■ Exercise brief ■
Output exactly the lines of the listing below that run from the line with "UK wage inflation: the" through the line with "EasyPractice + Salesforce". No pictures.

━━━━━ Input material

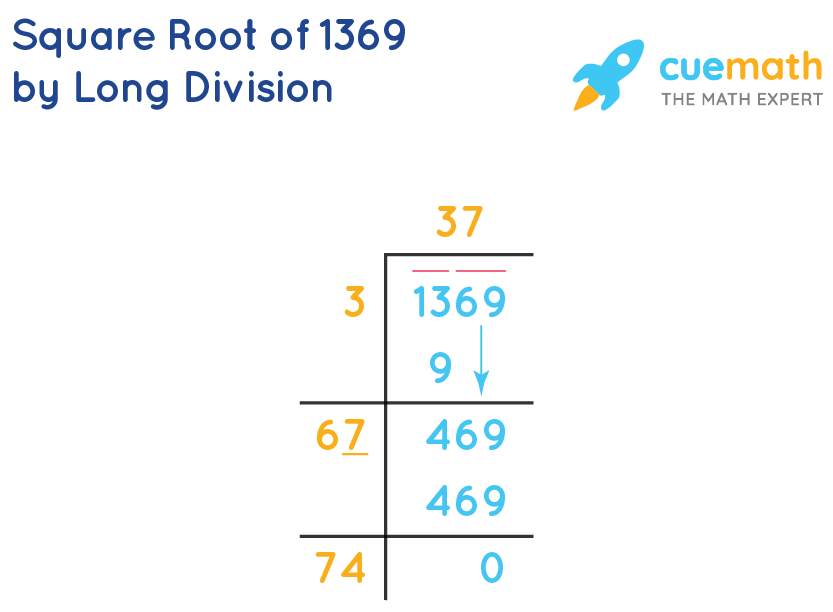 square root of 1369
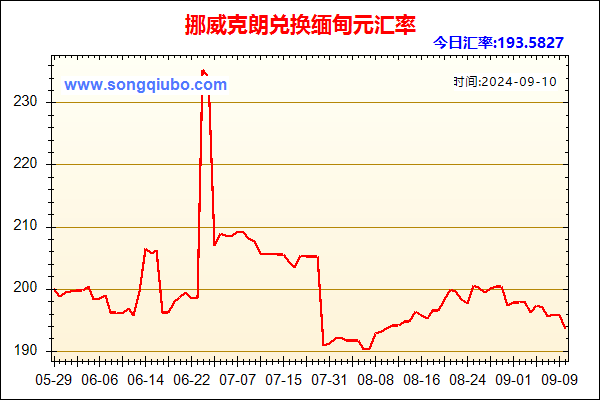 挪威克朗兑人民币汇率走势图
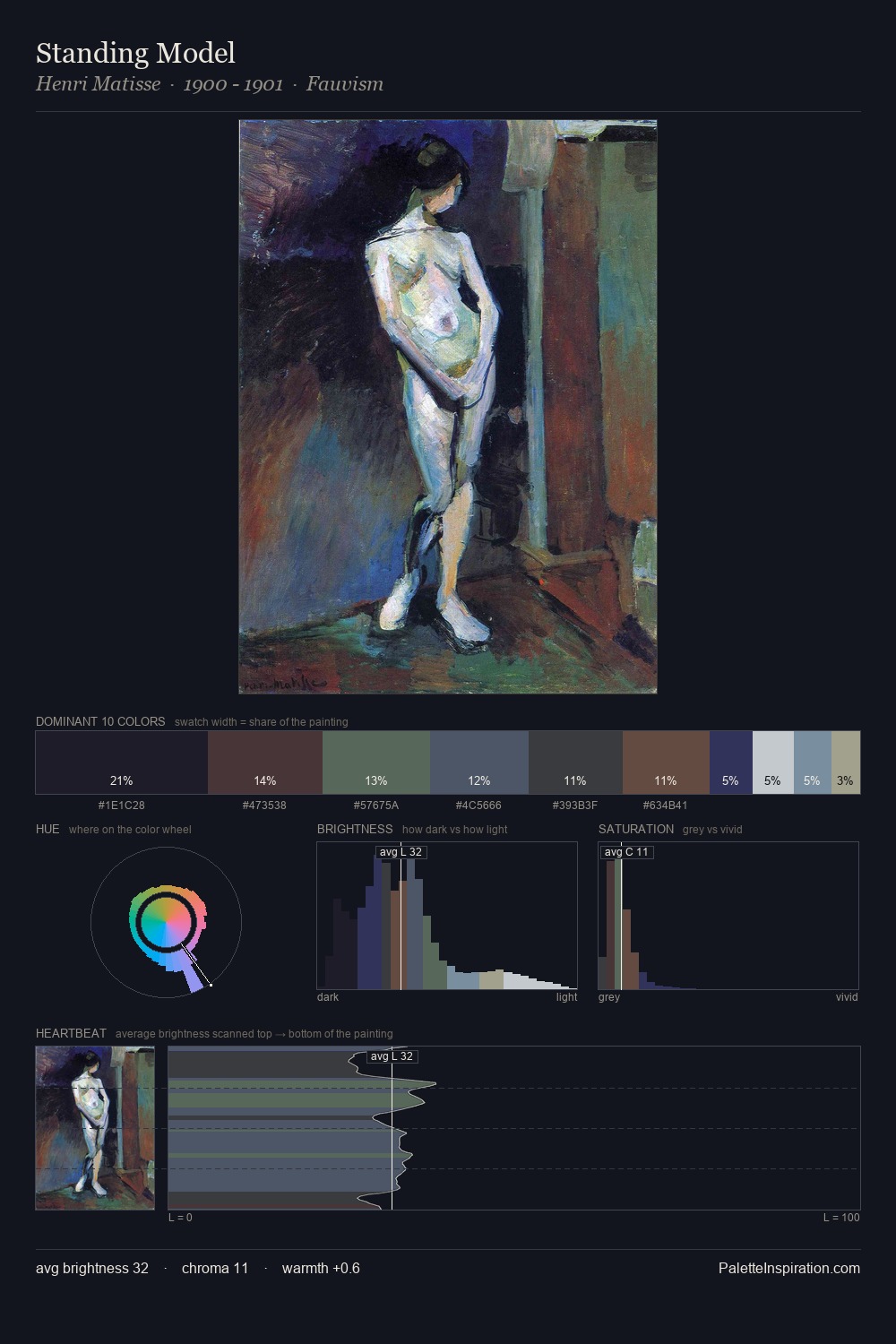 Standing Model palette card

━━━━━━━━━━
━━━━━ Input material

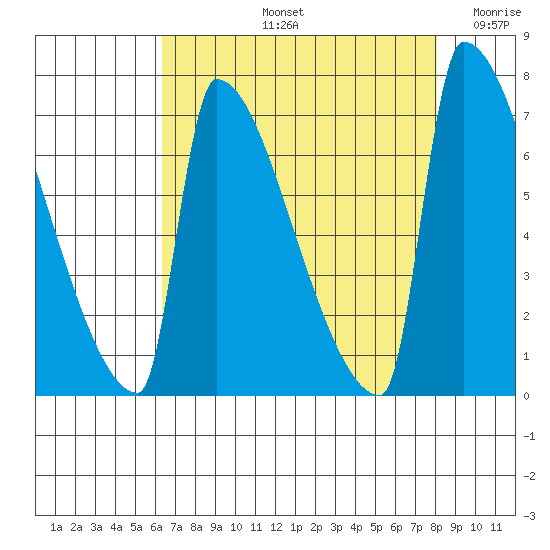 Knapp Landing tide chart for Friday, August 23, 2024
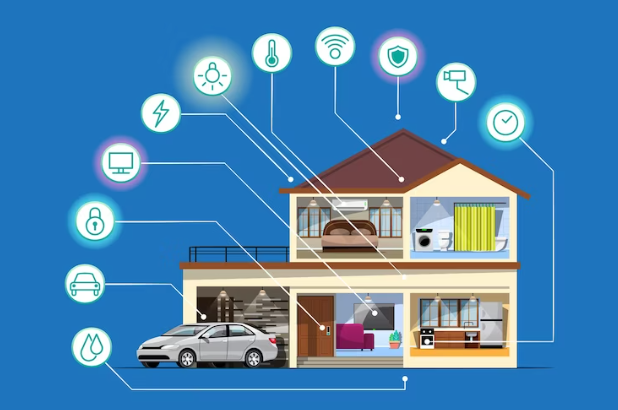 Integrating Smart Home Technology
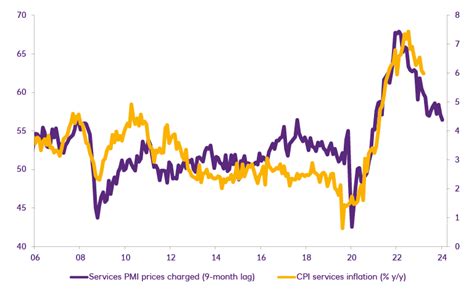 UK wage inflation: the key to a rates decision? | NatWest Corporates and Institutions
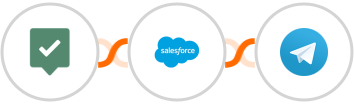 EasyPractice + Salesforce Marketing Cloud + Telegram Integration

━━━━━━━━━━

■ Answer space ■
 UK wage inflation: the key to a rates decision? | NatWest Corporates and Institutions
 EasyPractice + Salesforce Marketing Cloud + Telegram Integration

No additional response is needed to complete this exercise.